Location data from shared e-scooters helps city map your movements
Calgarians have been enthusiastically jumping on thousands of shared bikes and scooters, but city officials are enthusiastic about another facet of the program: the location data of each and every trip.
Lime and Bird are the two companies offering the dockless bikes and scooters in Calgary.
Each scooter and bike has built-in GPS and uses 3G wireless technology to collect and transmit the location data of every single trip.
“This data is really helpful because we can actually track the speed, the route, the origin and destination,” said Andrew Sedor with the City of Calgary.
“So this gives us a really valuable data set that we can do a whole lot with.”

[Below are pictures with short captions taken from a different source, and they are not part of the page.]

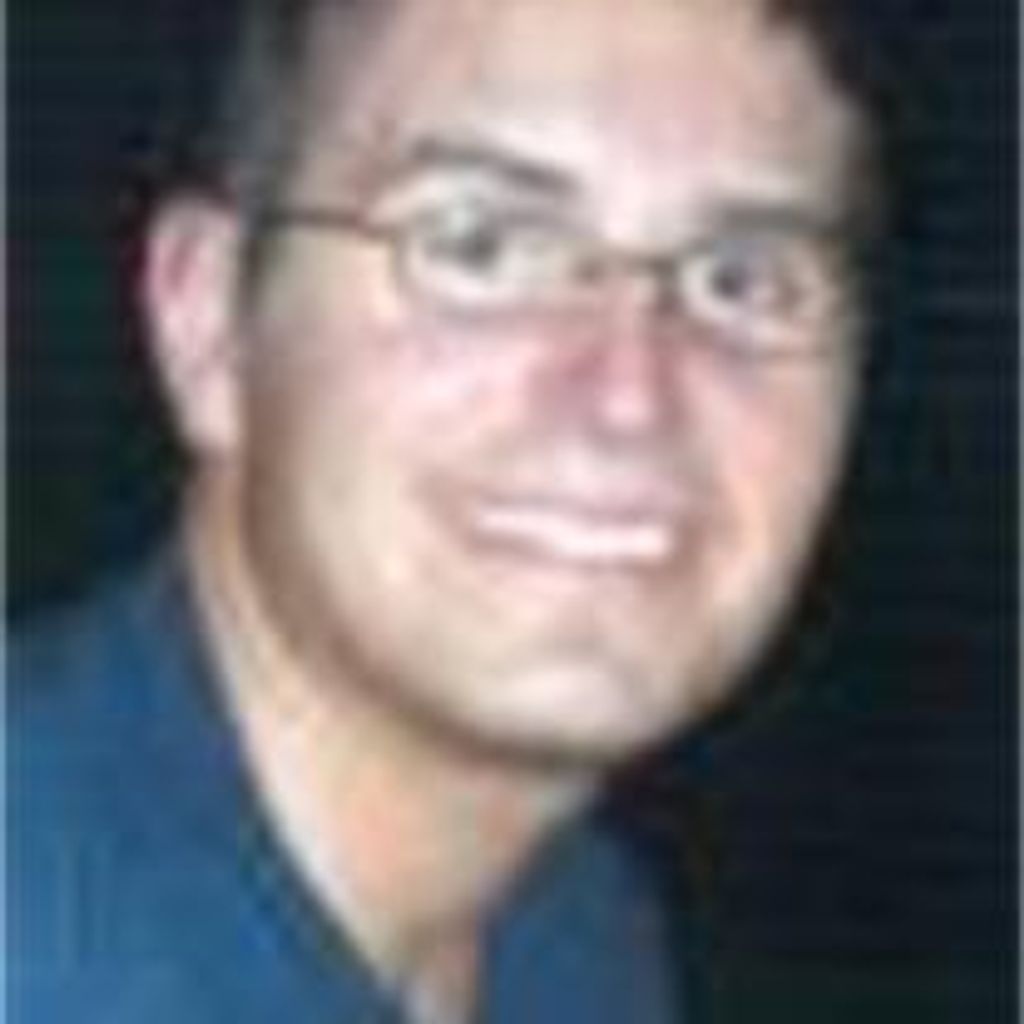 Matthew Nitz Profile Photo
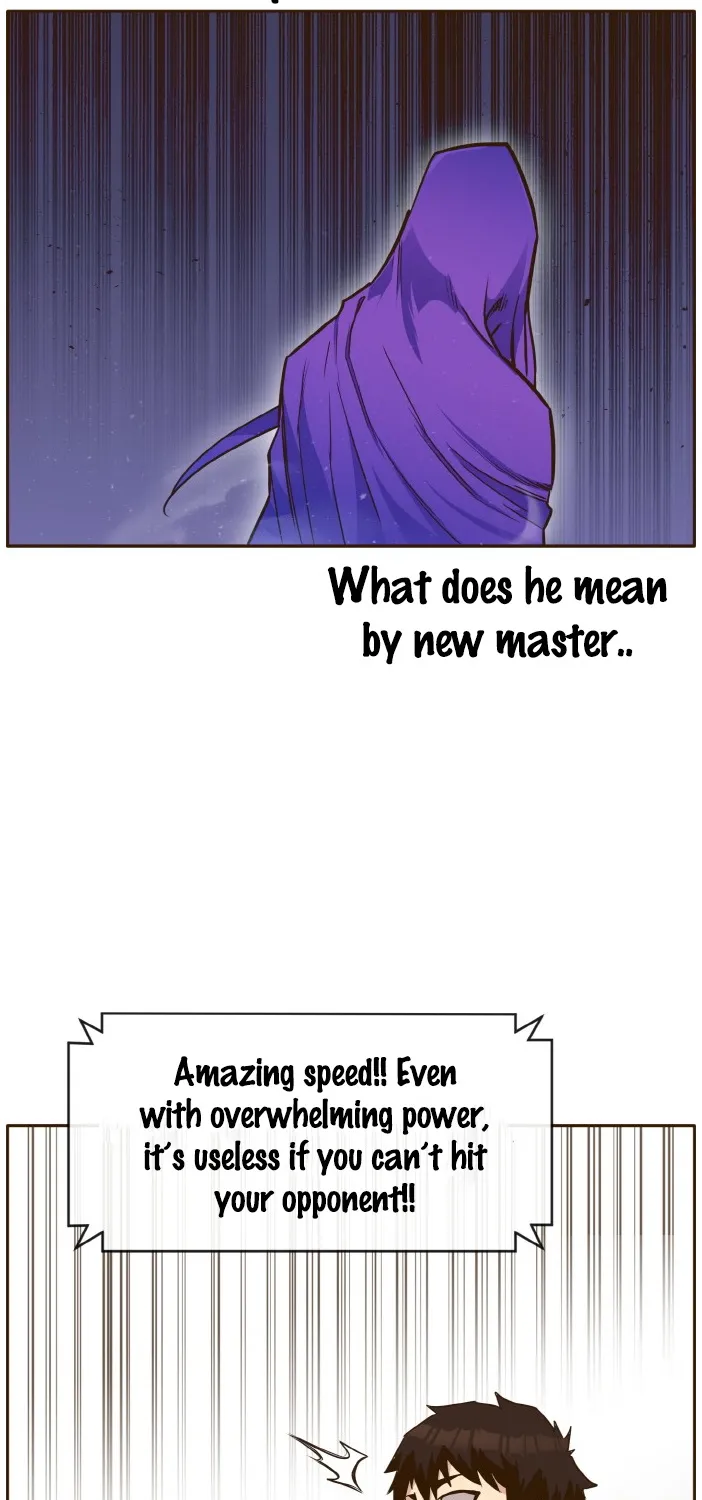 Chapter 29 — page 12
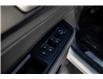 2024 Volkswagen Atlas Cross Sport 2.0 TSI Highline (Stk: SU7556) in Calgary - Image 13 of 37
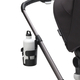 Bugaboo подстаканик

The location of the bikes and scooters is pinged every few seconds, meaning the exact route a rider takes is tracked and collected. It can show which city pathways and bike lanes are getting the most use and which areas see the most amount of drop offs and pickups.
It can help create a precise map of where users are riding and how fast they’re going to get there.
As part of the city’s pilot program, they’re also collecting and analyzing 311 data related to the scooters and bikes and Alberta Health Services is tracking how many injuries happen in Calgary.
“Better data analytics is a catalyst for change,” reads an explainer on Lime’s website.
“The result is better decision-making, smarter planning, safer streets and more people biking and scooting.”
It’ll all help shape the future of shared riding programs, but it could also contribute to decisions about city planning.
“Since we do have the origin and destination data, we can see what routes people are taking and so on some of those more popular routes, that could open up the discussion of dedicated infrastructure might be a good idea in that location,” Sedor said.
Companies like Lime and Bird say specific user data, such as someone’s name, phone number and email address, is not handed over to third parties and is secure.